### Prompt
Locate "羊皮版~森系文艺风配裙子一字带玛丽珍鞋女绒面方头褶皱花朵单鞋" in the data below, then output the line it is on and all following lines through the last, word for word. Skip any pictures.

__________________________________________________

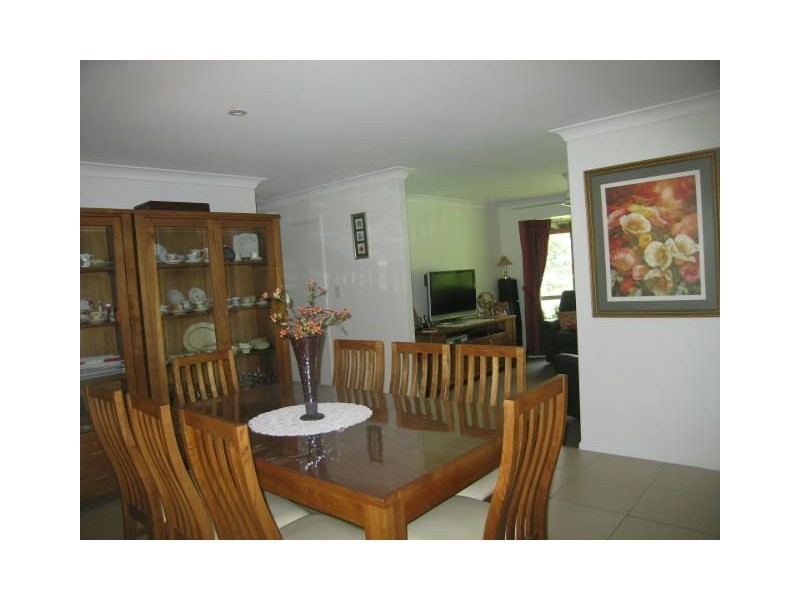 1 Helen-Louise Ct, Buccan QLD 4207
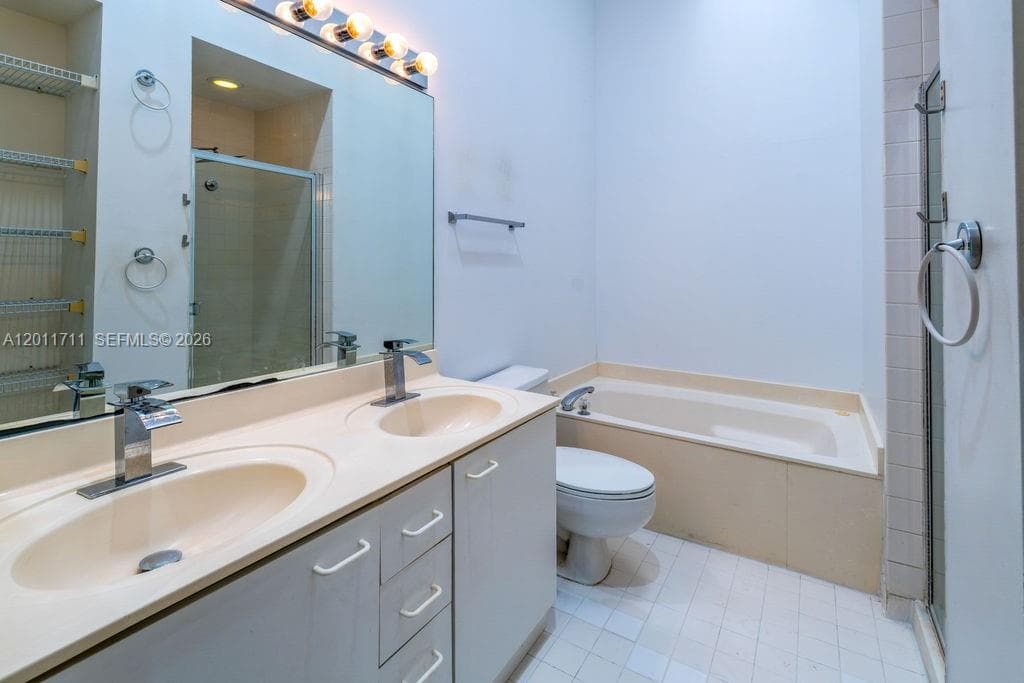 243 NE 212th Ter, Miami FL 33179 — 16
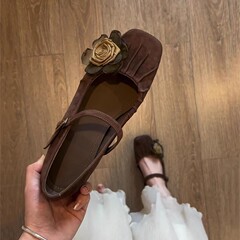 羊皮版~森系文艺风配裙子一字带玛丽珍鞋女绒面方头褶皱花朵单鞋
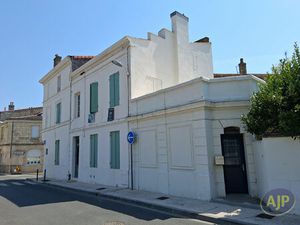 Vente immeuble 286 m² Pauillac (33250)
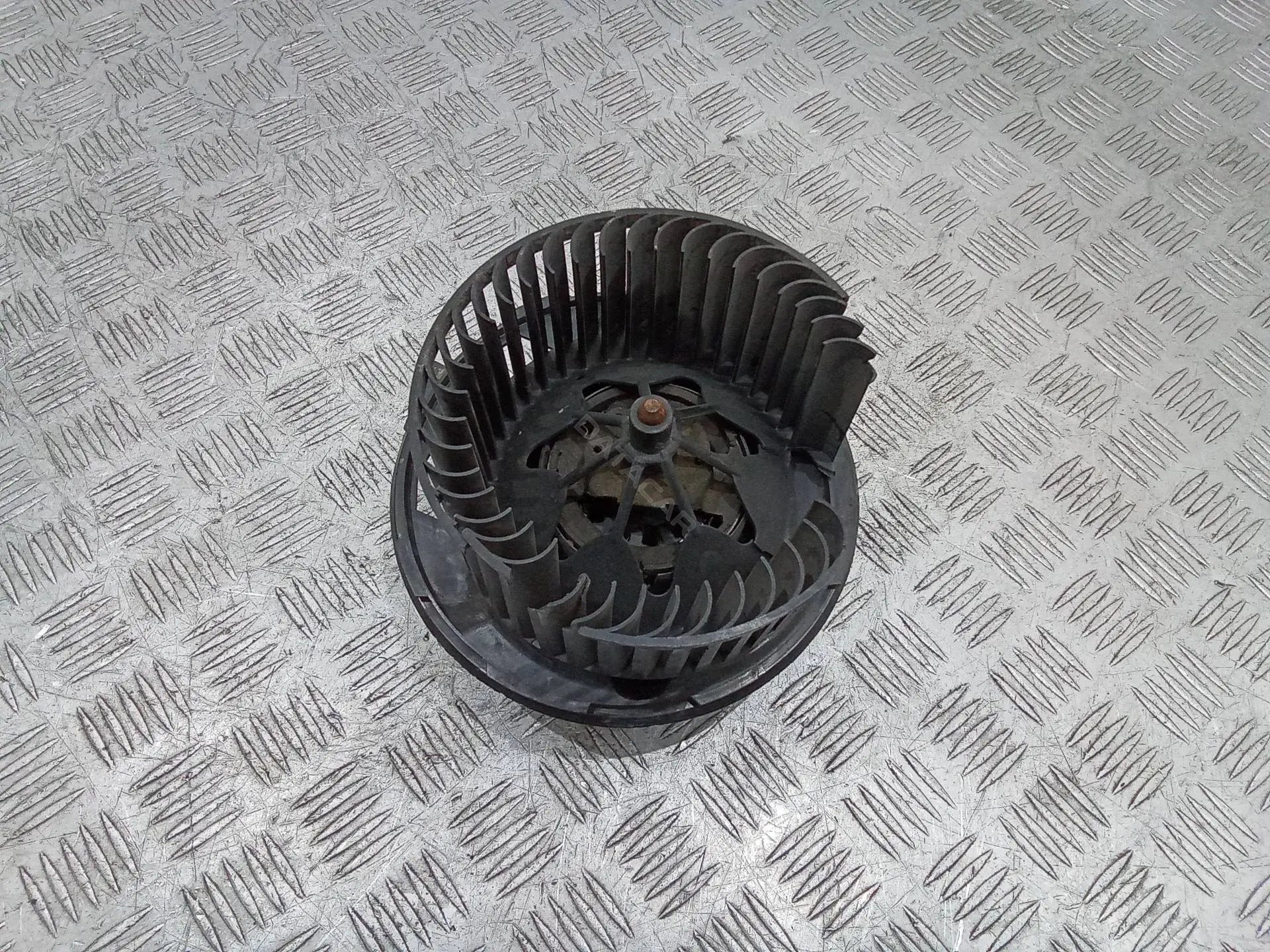 Моторчик печки 1K1820015F
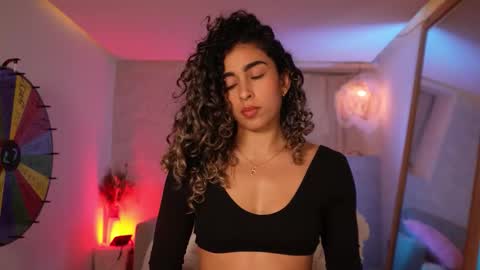 Snapshot of taylormich1 chatting on 22, 2, 2026 taylormichell online show from 22, 2, 2026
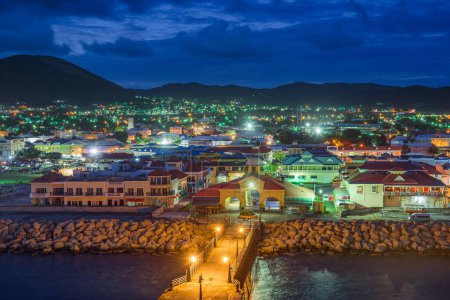 Foto de Basseterre, St. Kitts y Nevis ciudad horizonte en el puerto por la noche. - Imagen libre de derechos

__________________________________________________

### Answer for this exercise
 羊皮版~森系文艺风配裙子一字带玛丽珍鞋女绒面方头褶皱花朵单鞋
 Vente immeuble 286 m² Pauillac (33250)
 Моторчик печки 1K1820015F
 Snapshot of taylormich1 chatting on 22, 2, 2026 taylormichell online show from 22, 2, 2026
 Foto de Basseterre, St. Kitts y Nevis ciudad horizonte en el puerto por la noche. - Imagen libre de derechos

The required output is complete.